The departments of Health and Human Services and Defense have earmarked $3.65 billion to buy 100 million additional doses of COVID-19 vaccines each from Pfizer (NYSE: PFE) and Moderna (Nasdaq: MRNA), bringing the total number of vaccines bought from the companies to 600 million doses.
The U.S. government agreed to pay $2 billion to Pfizer and its Germany-based partner BioNTech and $1.65 billion to Moderna for the additional doses, HHS said Wednesday.
Each company is scaling up manufacturing to deliver 300 million doses of vaccines through the end of July and the additional purchases would give the U.S. enough supply to deliver shots to 300 million people.

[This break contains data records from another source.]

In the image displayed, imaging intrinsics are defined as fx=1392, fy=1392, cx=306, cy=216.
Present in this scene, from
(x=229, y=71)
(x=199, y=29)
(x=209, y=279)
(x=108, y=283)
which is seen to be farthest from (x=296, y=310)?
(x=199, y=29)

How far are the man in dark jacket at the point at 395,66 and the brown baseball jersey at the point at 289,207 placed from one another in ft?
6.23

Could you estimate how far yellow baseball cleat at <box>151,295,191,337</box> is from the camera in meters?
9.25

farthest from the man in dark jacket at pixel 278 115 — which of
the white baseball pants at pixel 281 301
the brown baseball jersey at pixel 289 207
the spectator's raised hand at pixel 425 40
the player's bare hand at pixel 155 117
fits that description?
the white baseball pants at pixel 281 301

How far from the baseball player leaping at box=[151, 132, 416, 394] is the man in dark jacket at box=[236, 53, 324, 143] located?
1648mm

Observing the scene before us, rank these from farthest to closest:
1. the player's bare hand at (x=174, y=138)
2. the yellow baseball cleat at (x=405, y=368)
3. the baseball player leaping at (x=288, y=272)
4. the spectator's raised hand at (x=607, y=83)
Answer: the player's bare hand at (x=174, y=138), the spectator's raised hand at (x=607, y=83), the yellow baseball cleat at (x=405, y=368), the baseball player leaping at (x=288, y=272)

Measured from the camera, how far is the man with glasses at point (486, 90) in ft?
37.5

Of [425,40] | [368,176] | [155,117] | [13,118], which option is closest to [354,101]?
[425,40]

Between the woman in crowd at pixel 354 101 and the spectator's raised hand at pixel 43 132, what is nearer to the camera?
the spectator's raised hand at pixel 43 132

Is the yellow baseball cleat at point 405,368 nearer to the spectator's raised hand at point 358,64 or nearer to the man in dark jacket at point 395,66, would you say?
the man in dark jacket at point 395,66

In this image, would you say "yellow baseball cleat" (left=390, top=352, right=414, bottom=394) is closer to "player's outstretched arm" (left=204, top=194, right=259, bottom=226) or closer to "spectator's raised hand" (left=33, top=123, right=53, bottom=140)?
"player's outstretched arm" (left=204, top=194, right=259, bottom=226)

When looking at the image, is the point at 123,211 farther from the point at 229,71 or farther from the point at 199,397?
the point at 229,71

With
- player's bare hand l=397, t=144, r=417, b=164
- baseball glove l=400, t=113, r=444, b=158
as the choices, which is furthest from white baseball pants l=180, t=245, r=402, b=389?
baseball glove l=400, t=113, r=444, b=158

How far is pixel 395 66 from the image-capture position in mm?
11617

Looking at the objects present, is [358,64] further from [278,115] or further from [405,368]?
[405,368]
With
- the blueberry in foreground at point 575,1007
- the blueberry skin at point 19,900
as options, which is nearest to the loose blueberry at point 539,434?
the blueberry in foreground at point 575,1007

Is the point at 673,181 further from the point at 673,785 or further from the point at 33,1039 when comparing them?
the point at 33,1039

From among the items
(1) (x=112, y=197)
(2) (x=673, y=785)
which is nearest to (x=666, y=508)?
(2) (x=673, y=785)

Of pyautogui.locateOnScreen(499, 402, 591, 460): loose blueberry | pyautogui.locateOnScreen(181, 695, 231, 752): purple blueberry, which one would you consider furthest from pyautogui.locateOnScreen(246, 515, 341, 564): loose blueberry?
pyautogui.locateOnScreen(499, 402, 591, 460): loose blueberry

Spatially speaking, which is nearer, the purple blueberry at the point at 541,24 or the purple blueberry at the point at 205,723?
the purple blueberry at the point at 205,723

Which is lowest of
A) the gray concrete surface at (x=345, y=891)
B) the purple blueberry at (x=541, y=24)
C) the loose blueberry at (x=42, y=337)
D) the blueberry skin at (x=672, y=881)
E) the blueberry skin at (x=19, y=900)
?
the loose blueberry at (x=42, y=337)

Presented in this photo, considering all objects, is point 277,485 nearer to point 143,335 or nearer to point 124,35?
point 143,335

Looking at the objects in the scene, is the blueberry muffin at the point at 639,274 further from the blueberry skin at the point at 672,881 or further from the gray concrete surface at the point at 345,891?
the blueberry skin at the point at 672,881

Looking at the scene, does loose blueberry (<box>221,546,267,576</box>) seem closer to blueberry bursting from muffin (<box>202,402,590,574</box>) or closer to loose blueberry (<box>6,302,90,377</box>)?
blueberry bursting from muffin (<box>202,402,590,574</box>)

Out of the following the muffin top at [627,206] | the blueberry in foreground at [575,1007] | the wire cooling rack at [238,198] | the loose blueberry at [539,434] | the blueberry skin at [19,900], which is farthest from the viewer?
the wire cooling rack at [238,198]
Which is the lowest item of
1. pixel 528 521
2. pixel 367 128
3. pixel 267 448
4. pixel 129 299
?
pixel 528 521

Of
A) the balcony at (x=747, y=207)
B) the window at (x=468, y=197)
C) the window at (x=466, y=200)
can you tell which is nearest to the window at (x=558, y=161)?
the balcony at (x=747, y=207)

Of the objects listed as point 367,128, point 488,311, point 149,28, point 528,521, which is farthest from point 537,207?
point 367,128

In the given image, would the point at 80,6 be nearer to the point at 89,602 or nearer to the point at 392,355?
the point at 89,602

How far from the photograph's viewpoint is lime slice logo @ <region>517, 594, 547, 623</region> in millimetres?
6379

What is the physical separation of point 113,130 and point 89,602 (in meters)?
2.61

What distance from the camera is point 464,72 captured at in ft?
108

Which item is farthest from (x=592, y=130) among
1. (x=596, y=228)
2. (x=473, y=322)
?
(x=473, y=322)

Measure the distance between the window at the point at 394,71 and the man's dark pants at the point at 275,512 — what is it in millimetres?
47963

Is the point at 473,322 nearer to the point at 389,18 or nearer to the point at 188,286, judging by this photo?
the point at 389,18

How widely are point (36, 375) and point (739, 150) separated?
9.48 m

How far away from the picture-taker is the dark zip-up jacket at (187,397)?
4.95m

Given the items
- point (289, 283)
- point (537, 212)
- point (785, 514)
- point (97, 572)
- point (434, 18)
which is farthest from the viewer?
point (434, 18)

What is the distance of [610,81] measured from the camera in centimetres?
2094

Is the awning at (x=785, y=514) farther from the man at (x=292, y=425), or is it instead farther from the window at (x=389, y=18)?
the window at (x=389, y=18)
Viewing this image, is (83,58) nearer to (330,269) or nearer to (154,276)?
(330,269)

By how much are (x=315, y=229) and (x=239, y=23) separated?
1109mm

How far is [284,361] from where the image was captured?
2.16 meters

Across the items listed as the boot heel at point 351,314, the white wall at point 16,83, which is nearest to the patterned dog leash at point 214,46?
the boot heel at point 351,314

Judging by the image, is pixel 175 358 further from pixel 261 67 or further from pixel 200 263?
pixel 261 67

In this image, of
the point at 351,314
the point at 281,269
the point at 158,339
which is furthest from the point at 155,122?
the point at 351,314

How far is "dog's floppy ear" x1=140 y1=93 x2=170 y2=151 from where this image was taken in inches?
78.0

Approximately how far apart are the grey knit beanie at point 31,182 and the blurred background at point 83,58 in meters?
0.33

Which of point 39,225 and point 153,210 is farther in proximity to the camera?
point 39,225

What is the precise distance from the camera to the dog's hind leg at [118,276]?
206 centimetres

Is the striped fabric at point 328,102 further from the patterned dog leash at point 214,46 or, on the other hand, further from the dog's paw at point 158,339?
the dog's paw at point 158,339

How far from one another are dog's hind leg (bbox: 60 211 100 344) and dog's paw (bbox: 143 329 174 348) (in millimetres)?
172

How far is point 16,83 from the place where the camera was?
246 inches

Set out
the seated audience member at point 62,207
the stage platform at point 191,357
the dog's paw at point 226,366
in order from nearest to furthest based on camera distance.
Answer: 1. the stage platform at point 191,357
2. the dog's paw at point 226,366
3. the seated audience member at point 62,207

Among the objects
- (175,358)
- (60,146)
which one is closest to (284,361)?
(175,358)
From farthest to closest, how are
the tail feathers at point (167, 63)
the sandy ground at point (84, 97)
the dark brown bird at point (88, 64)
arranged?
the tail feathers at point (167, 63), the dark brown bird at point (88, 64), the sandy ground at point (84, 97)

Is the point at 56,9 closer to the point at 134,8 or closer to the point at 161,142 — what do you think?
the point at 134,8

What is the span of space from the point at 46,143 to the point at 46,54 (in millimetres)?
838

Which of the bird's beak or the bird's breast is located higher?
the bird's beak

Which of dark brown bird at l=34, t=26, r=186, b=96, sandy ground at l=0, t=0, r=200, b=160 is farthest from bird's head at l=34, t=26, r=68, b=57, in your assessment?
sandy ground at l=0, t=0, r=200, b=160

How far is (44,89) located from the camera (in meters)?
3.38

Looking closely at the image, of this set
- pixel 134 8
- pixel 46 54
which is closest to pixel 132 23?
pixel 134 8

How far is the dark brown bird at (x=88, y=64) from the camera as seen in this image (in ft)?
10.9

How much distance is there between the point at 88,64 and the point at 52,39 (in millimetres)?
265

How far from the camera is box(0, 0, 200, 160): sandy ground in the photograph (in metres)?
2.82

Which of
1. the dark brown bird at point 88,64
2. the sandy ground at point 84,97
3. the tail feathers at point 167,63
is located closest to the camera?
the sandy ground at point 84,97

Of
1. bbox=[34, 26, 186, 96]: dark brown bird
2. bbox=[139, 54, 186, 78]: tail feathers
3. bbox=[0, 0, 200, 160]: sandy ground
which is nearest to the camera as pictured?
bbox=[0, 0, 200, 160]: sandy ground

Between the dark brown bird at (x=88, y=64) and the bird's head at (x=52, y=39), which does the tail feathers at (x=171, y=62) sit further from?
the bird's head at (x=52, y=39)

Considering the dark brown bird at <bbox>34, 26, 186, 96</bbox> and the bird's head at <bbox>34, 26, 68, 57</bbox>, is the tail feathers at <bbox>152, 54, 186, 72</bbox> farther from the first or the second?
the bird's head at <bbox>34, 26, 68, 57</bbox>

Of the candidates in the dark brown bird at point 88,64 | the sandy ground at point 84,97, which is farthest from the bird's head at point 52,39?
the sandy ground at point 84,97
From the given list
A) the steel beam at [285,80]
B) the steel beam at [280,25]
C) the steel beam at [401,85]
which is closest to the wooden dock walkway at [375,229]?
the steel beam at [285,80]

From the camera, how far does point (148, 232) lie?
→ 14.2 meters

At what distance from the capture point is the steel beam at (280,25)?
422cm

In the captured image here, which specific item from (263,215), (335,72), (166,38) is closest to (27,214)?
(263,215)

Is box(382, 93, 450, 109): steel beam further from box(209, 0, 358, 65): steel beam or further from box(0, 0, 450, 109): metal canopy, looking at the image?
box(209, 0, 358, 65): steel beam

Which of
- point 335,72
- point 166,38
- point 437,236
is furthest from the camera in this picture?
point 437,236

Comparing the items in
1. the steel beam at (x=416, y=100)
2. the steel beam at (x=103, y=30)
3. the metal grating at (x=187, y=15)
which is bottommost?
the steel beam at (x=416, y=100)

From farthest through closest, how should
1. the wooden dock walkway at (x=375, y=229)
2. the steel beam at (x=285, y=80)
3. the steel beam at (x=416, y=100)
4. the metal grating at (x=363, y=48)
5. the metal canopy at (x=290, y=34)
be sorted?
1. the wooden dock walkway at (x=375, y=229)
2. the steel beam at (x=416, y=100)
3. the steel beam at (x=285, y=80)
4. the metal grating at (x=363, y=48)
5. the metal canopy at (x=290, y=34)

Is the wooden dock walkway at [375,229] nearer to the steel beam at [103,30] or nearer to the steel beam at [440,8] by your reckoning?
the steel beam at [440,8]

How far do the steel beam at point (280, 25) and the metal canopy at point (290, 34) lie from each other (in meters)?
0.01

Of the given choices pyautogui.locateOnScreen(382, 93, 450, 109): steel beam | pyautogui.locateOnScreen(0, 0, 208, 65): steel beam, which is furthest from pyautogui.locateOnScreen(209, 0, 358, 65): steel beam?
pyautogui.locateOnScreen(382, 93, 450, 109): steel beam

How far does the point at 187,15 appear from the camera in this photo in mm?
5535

“As the President directed, we are expanding our supply of COVID vaccines to protect people as quickly as possible,” said acting HHS Secretary Norris Cochran. “These purchases will allow us to accelerate our vaccination efforts to get shots into the arms of the American people.”
The Biomedical Advanced Research and Development Authority at HHS worked with DOD’s Joint Program Executive Office for Chemical, Biological, Radiological and Nuclear Defense and Army Contracting Command to provide funding for the deals.
The agreement for additional Pfizer-BioNTech vaccines brings the total vaccine purchase from the partnership to about $6 billion.
The deal with Moderna increases the total federal investment in the company’s vaccine development efforts, clinical trials, production and procurements to about $5.75 billion. The biotech company co-developed the vaccine with scientists from the National Institute of Allergy and Infectious Diseases.
The companies continue to carry out clinical studies of their vaccines to collect additional data on the efficacy of the doses in younger populations and vaccination’s impact on the virus’ transmissibility, among others.